Environmental Rights Action (ERA) is a Nigerian advocacy non-governmental organisation founded on January 11, 1993 to deal with environmental human rights.
Students listening closely with their placards in hand Climate Change Awareness Walk in Kumasi, Ghana, hosted by Climate Communications and Local Governance Africa (CCLG-Africa). Photo Credits : Kofi Don-Agor, President of CCLG-Africa
Environmental movements like ERA/FoEN understand the importance of local context to communicate the climate crisis. Now they are focusing on climate change as well as localised environmental disasters like oil spills.
"These people understand that there is a change in their environment with respect to the climate, and most likely have a local name for it," said Obayanju.
"What we have tried to do over the years is to help them understand the internationally recognised name of the environmental problems they are facing," he added. Shell is just one of the organisations in their sights.
According to a 2014 study that traced carbon emitted by companies globally between 1751 and 2010, the oil major ranked sixth among the biggest carbon emitters, contributing 2.12 % to global emissions. The company and its subsidiaries in Nigeria's oil-rich Niger Delta region have been responsible for a number of environmental disasters in Nigeria and communities have fought for years for compensation.
ERA/FoEN is one of the pioneers of a campaign to halt oil exploration altogether. Today, more and more advocacy groups have embraced the movement and even made a song out of its key message to "leave the oil in the ground."
"We know there is power in visuals, songs and folktales to communicate these problems," said Obayanju.
Ghana-based Climate Communications and Local Governance Africa (CCLG-Africa) is another organisation drawing on community activism.

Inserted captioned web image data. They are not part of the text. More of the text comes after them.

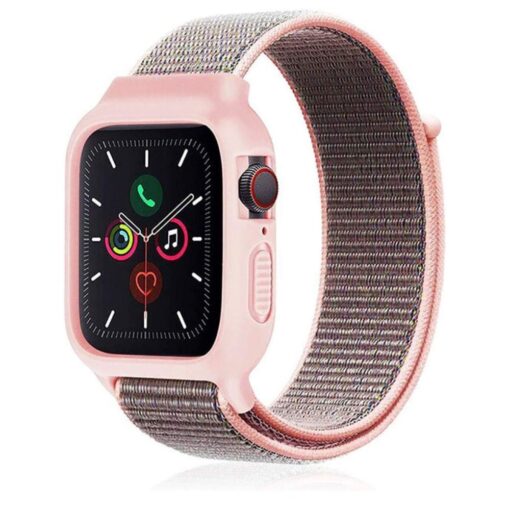 Apple Watch 42mm Hasırlı Cırtcırtlı Kasalı Kordon - Görsel 12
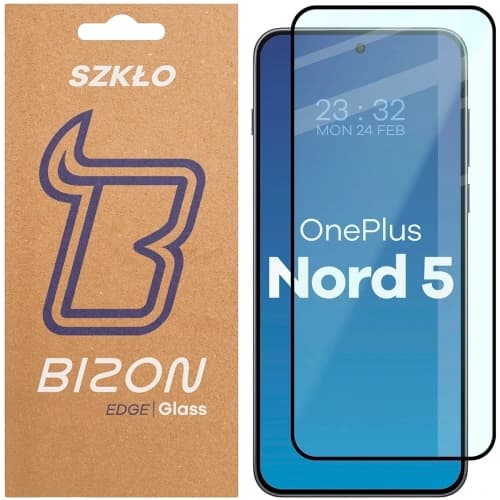 Bizon Glass Edge 2 OnePlus Nord 5 black frame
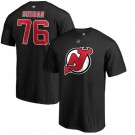 Men's New Jersey Devils #76 PK Subban Black Printed T Shirt 112197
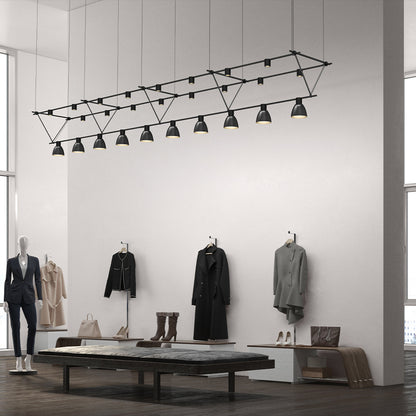 Suspenders庐 10 - Light LED Chandelier
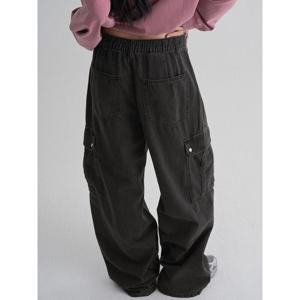 (355821LPC5) [에잇세컨즈] 카고 와이드 데님  블랙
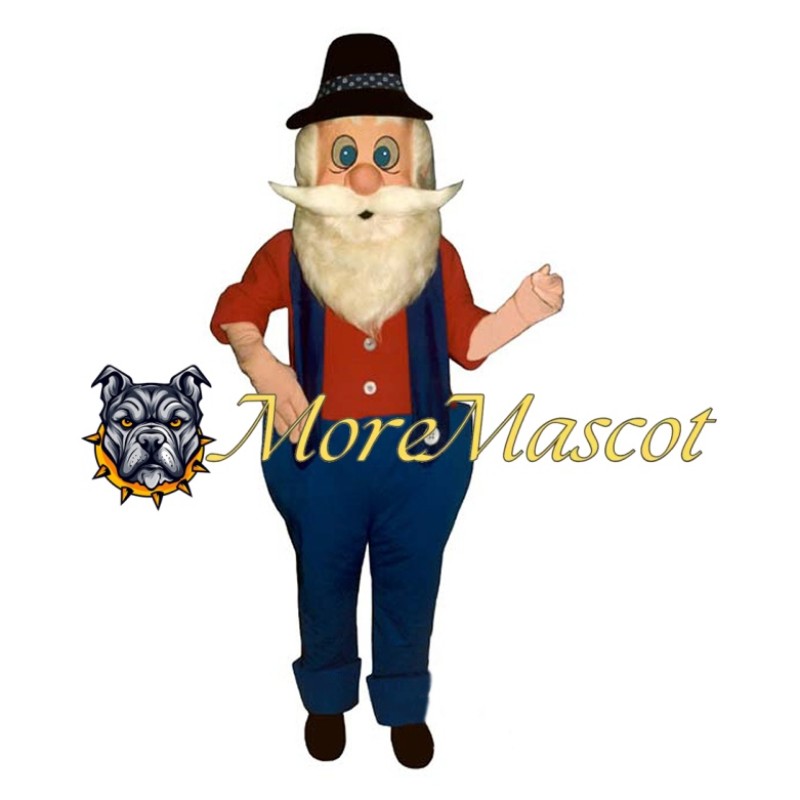 Old Fisherman Mascot Costume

It has fully integrated local arts, including theatre, drawings and photos, in its messaging.
"We realised that a lot of people need to see to believe," said Kofi Don-Agor, President of CCLG-Africa.
"In the local community, we look at the environmental problems affecting them and occasionally, we employ people to use art to depict the effect," he said.
In 2021, CCLG-Africa organised a climate walk in Kumasi, south-central Ghana, and invited different groups in the community. Among those present for the event were chiefs, queen mothers, the military, Christian religious groups, Muslim communities, teachers, students and farmers.
"Because climate change affects all occupations, we normally design programmes to engage everyone," said Don-Agor.
"One of the best approaches we have used over time is focus group discussions led by opinion leaders," he added.
"These opinion leaders are usually influential community members who we train to understand the environmental issues affecting their community, and in turn, they help their communities. We organise the training in either English or the local language."
"Not everyone has bought into the idea of what we are doing, but the few that have bought into it are among our collaborators," he said.
Students listening closely with their placards in hand Climate Change Awareness Walk in Kumasi, Ghana, hosted by Climate Communications and Local Governance Africa (CCLG-Africa). Photo Credits : Kofi Don-Agor, President of CCLG-Africa
Among CCLG-Africa's champions is the Speaker of the Parliament of Ghana, whose support has helped the organisation to advance its agenda. Don-Agor also strives to maintain good working relationships with other members of parliament.
"When we want to host a programme, we allow members of the parliament to co-own the programme; they finance the programme, and then we provide the human resources," he explained.
Earlier this year, the organisation provided training to some members of the parliament.
"We engaged them on effective methods to communicate the problem of climate change at the local level," he said.
He believes it is necessary to involve lawmakers in conversations around climate change because of their distinguished position as the mouthpiece of their constituency.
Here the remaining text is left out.